What you have to do
Find the line containing "香港Luccicante Bridal評價,地址,電話,網站和介紹" in the entries below. Restate it and each line after it, word for word, up to and including the line containing "哈利波特魔法觉醒7星禁林在哪 哈利波特魔法觉醒7星禁林在哪".

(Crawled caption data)
====

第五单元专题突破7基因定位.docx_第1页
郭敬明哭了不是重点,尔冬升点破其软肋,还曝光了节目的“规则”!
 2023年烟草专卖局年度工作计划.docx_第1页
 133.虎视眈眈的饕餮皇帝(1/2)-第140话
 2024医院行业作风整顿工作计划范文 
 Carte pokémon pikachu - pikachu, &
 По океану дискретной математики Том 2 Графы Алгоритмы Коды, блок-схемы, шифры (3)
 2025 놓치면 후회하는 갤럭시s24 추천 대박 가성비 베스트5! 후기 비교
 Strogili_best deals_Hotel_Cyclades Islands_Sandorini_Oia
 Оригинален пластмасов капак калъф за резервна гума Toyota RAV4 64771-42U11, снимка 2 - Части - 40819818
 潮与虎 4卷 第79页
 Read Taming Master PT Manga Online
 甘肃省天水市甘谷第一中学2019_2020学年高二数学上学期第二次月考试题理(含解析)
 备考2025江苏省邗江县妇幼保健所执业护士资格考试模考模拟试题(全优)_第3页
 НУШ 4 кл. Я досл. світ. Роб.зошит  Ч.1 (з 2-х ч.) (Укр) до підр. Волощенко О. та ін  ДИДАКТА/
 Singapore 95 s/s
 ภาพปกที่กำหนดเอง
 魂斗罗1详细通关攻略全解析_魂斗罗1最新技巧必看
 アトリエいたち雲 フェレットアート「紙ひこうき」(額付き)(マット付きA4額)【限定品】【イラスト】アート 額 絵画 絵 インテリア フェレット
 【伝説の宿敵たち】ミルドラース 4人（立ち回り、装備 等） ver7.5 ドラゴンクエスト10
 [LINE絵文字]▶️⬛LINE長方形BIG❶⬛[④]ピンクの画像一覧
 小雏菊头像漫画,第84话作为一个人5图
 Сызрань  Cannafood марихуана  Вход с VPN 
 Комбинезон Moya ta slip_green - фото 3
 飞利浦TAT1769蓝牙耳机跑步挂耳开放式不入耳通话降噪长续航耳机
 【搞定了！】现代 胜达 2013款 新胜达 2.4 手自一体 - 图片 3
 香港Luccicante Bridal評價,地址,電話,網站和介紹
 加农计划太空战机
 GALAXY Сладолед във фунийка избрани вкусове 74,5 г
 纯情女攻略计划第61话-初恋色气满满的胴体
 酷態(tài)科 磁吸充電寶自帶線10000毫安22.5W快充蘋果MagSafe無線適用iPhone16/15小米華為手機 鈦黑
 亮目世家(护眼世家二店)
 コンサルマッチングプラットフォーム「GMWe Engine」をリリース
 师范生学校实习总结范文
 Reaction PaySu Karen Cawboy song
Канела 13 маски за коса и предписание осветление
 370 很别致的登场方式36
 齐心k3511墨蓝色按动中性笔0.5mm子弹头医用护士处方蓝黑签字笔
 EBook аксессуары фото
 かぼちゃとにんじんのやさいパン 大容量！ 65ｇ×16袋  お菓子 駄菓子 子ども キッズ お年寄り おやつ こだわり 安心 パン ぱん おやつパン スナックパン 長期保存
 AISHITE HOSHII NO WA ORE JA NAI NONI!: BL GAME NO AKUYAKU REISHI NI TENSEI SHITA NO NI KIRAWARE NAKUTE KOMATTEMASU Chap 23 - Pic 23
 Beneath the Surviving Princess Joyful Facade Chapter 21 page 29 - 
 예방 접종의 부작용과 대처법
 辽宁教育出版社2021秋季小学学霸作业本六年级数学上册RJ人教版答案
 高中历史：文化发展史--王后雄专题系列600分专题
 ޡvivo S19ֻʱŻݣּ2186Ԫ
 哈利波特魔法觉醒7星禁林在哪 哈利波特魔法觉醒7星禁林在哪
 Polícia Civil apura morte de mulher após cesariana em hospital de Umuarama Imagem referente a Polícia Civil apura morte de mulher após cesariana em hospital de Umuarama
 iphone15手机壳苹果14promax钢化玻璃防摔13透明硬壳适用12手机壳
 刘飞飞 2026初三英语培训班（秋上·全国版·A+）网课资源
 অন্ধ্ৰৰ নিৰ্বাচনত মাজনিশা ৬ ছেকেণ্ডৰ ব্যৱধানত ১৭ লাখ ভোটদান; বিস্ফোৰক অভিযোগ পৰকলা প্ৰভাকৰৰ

====

Response to this exercise
 香港Luccicante Bridal評價,地址,電話,網站和介紹
 加农计划太空战机
 GALAXY Сладолед във фунийка избрани вкусове 74,5 г
 纯情女攻略计划第61话-初恋色气满满的胴体
 酷態(tài)科 磁吸充電寶自帶線10000毫安22.5W快充蘋果MagSafe無線適用iPhone16/15小米華為手機 鈦黑
 亮目世家(护眼世家二店)
 コンサルマッチングプラットフォーム「GMWe Engine」をリリース
 师范生学校实习总结范文
 Reaction PaySu Karen Cawboy song
Канела 13 маски за коса и предписание осветление
 370 很别致的登场方式36
 齐心k3511墨蓝色按动中性笔0.5mm子弹头医用护士处方蓝黑签字笔
 EBook аксессуары фото
 かぼちゃとにんじんのやさいパン 大容量！ 65ｇ×16袋  お菓子 駄菓子 子ども キッズ お年寄り おやつ こだわり 安心 パン ぱん おやつパン スナックパン 長期保存
 AISHITE HOSHII NO WA ORE JA NAI NONI!: BL GAME NO AKUYAKU REISHI NI TENSEI SHITA NO NI KIRAWARE NAKUTE KOMATTEMASU Chap 23 - Pic 23
 Beneath the Surviving Princess Joyful Facade Chapter 21 page 29 - 
 예방 접종의 부작용과 대처법
 辽宁教育出版社2021秋季小学学霸作业本六年级数学上册RJ人教版答案
 高中历史：文化发展史--王后雄专题系列600分专题
 ޡvivo S19ֻʱŻݣּ2186Ԫ
 哈利波特魔法觉醒7星禁林在哪 哈利波特魔法觉醒7星禁林在哪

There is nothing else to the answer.